I work on a transport service so I have a different partner every shift, The partner I had the other day she and I had never worked together and was our first time to meet each other.  We were on a call and at the hospital about to go in and pick our patient up.  I back the truck up and she gets out and starts unloading the stretcher and forgets how close we parked to those concrete barriers, and the stretcher has an O2 tank at the foot of it, so goes to pull it out and forgot the pole was behind her. Well the stretcher and O2 tank hit her stomach and knock the breath out of her.  When she said she felt like she was gonna black out I was like great the ER will have another patient. lol.  She was ok after resting and laying down for a few minutes.  Then during all that my belt holding my "action/adventure" pants, snapped and was not repairable.  So the only thing I could find on the truck was some oxygen tubing so I pulled it off the NRB mask and run it through my belt loops and tie it at the front then cut the ends of so I can attempt to hide it. After we completed the call we went and got me a new belt!!   My partner that day and I both cracked up the entire shift.  Good thing we only had that one call the entire 12 hr shift.


----------



## lex (Dec 15, 2010)

When you can look  back at the day and laugh you know it must have been an okay kind of day!

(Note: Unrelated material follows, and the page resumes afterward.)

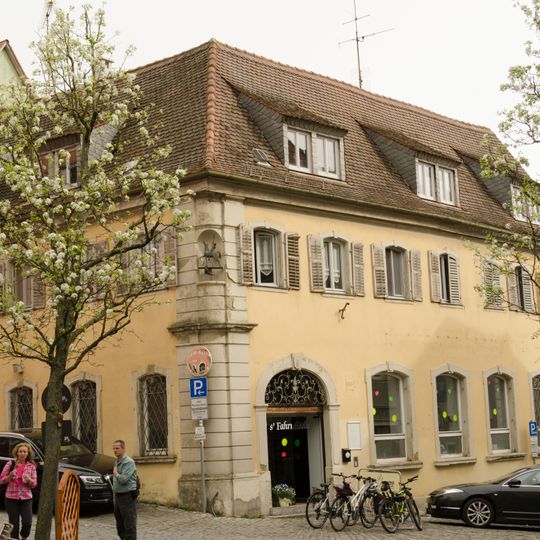 Wohn- und Geschäftshaus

And I can assure you you are not the first person to have had to find creative ways of holding up your pants mid-call. Though I think the best I've seen was a chain of tourniquets tied together, very creative pulling out the oxygen tubing!


----------



## Epi-do (Dec 15, 2010)

It could have been worse...

A few years ago, my partner & I went to move a patient and suddenly we heard a loud rrrriiiiiipppp!  My partner ripped out his pants.  Fortunately he had his jacket on and was able to tie it around his waist.  Because of where his pants had ripped though, he had to have the jacket hanging across his lap, like an apron.  We also delivered our patient & quickly went across the street to the uniform shop so he could get a new pair.


----------



## johnrsemt (Dec 16, 2010)

Thanks Epi,   I had forgotten about that one.   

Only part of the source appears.